Due ragazzi di Reggio Calabria in Sri Lanka per rappresentare l’Italia alle Olimpiadi internazionali d’Astronomia

I due giovanissimi rappresenteranno l’Italia alla XXIII edizione delle Olimpiadi Internazionali di Astronomia

Destinazione Colombo (Sri Lanka) per Andrea Labate (Liceo Scientifico “L. da  Vinci-Reggio Calabria) e Vittoria Altomonte (Liceo “Euclide” – Bova Marina) i due giovani calabresi componenti della squadra che rappresenterà l’Italia alla XXIII edizione delle Olimpiadi Internazionali di Astronomia. Dal 6 al 14 ottobre prossimo, infatti, lo Stato nel cuore dell’Oceano Indiano ospiterà la competizione iniziata a dicembre e a cui, per il nostro Paese, hanno partecipato ben 6720 studenti.

Vittoria ed Andrea, assieme agli altri componenti la squadra: Giuseppe Messina (Molfetta), Sofia Atzeni (Roma) Francesco Cerrone (Udine) hanno partecipato a Luglio allo stage di preparazione che si è tenuto a Stilo. Il percorso, reso possibile anche grazie al contributo della Città Metropolitana, entro le cui competenze ricade il Planetario Pythagoras, ha offerto ai ragazzi una preparazione specifica, di livello avanzato rispetto alla preparazione curriculare scolastica, nel campo delle scienze astronomiche e fisiche. In particolare, i giovani hanno ricevuto lezioni sulla risoluzione di problemi di astronomia posizionale, meccanica celeste, fotometria, astrofisica stellare e cosmologia elementare e sulle pratiche -osservative. Per Vittoria ed Andrea la preparazione è proseguita, nel mese di Settembre, presso il Planetario Pythagoras.

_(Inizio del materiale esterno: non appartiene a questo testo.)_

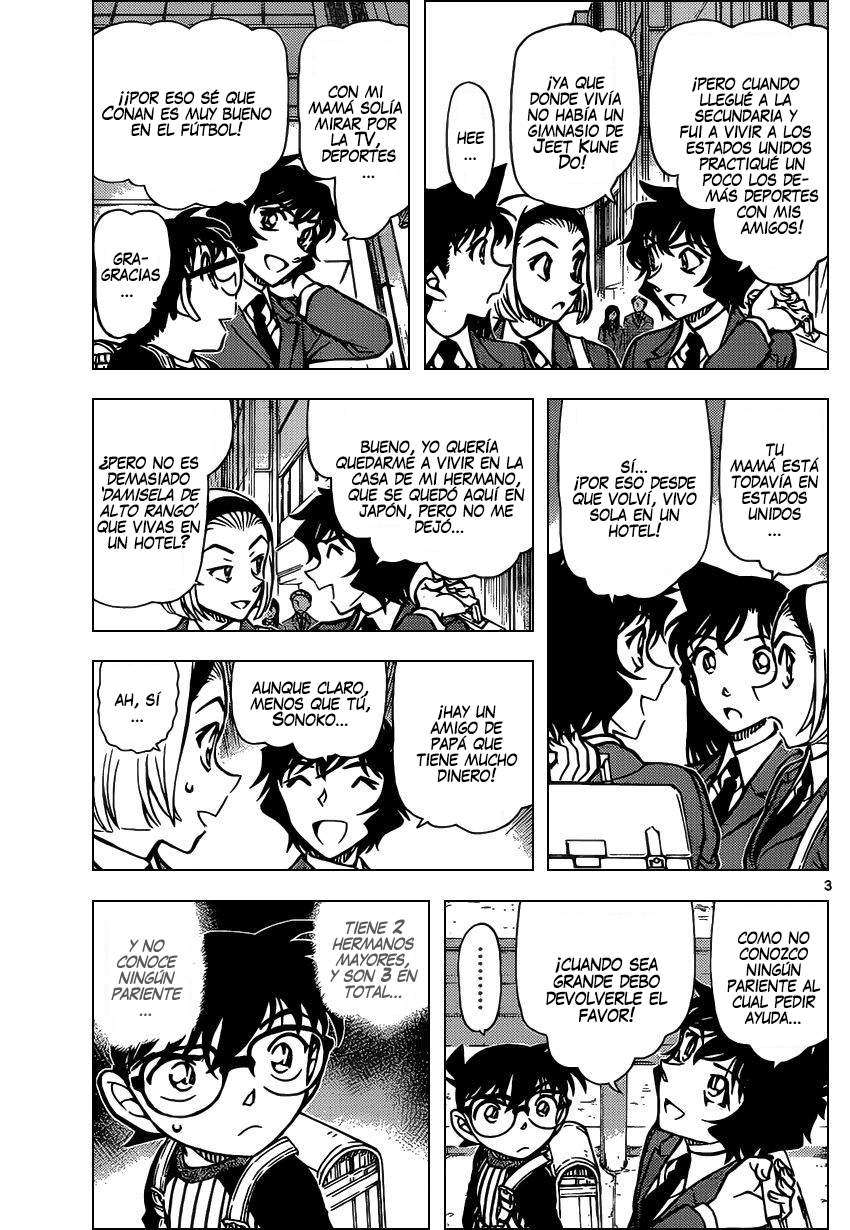 Detective Conan Capitulo 876: Novelista romántico página 4
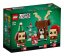 LEGO BrickHeadz 40353 Rentier, Elf und Elfenmädchen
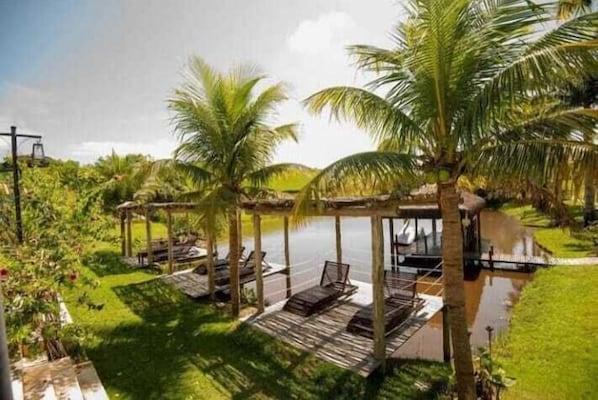 cambará eco resort - hospedagem para pescadores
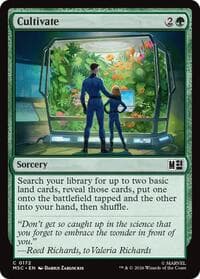 Cultivate from Commander: Marvel Super Heroes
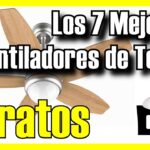 Ventiladores de Techo con Luz Baratos: Ahorra y Refresca Tu Hogar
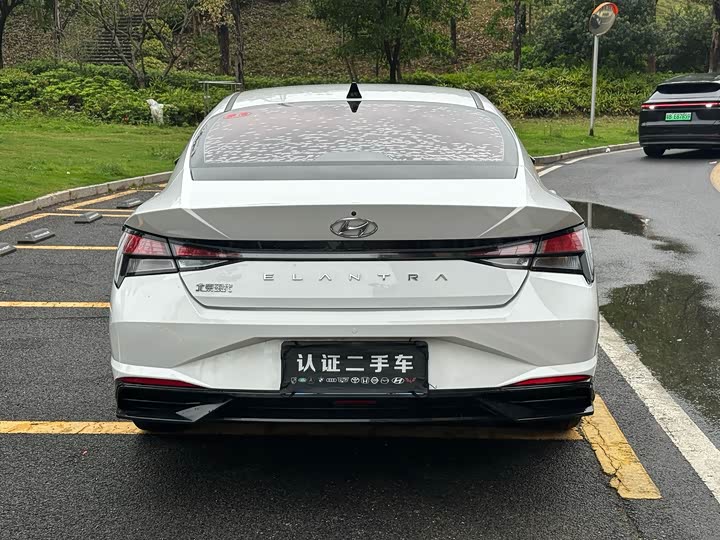 Hyundai Elantra N line 2023 2023款 1.5L CVT GLX精英版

«Le Olimpiadi Italiane di Astronomia promosse dalla Direzione Generale per gli Ordinamenti Scolastici e per la Valutazione del Sistema Nazionale d’Istruzione del MIUR – Ufficio 1 – spiega la responsabile del Planetario, Angela Misiano- sono attuate dalla Società Astronomica Italiana in collaborazione con l’Istituto Nazionale di Astrofisica. La nostra struttura prepara gratuitamente gli studenti interessati a svolgere questo percorso, anche all’interno dell’alternanza scuola – lavoro. Siamo vicini a tutta la squadra italiana, alla quale facciamo un grande bocca al lupo, certi che sapranno dare il meglio di sé per la sfida straordinaria che li attende».